Exercise data:

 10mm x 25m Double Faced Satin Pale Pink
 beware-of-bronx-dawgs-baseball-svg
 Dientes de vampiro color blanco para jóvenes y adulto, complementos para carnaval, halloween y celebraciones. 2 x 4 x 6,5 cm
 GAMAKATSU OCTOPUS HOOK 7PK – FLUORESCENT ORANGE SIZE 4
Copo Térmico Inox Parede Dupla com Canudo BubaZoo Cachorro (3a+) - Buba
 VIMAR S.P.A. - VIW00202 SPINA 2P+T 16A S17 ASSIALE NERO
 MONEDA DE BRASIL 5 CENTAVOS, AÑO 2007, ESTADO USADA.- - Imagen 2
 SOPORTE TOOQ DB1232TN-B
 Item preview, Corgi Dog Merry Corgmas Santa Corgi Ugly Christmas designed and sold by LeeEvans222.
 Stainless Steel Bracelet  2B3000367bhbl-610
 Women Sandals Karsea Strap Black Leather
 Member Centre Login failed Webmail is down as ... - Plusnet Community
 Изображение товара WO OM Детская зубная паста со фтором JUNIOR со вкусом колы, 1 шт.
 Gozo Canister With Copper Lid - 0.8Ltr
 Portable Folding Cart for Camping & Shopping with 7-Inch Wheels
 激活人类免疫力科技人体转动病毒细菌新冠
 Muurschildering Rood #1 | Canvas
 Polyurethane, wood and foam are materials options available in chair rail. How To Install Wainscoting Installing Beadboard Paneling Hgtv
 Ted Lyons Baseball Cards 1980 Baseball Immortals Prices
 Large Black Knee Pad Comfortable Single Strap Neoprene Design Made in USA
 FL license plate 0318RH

Requirement:
Return nothing but the lines from the start of the listing above through the line containing "GAMAKATSU OCTOPUS HOOK", exactly as given.

Solution for this exercise:
 10mm x 25m Double Faced Satin Pale Pink
 beware-of-bronx-dawgs-baseball-svg
 Dientes de vampiro color blanco para jóvenes y adulto, complementos para carnaval, halloween y celebraciones. 2 x 4 x 6,5 cm
 GAMAKATSU OCTOPUS HOOK 7PK – FLUORESCENT ORANGE SIZE 4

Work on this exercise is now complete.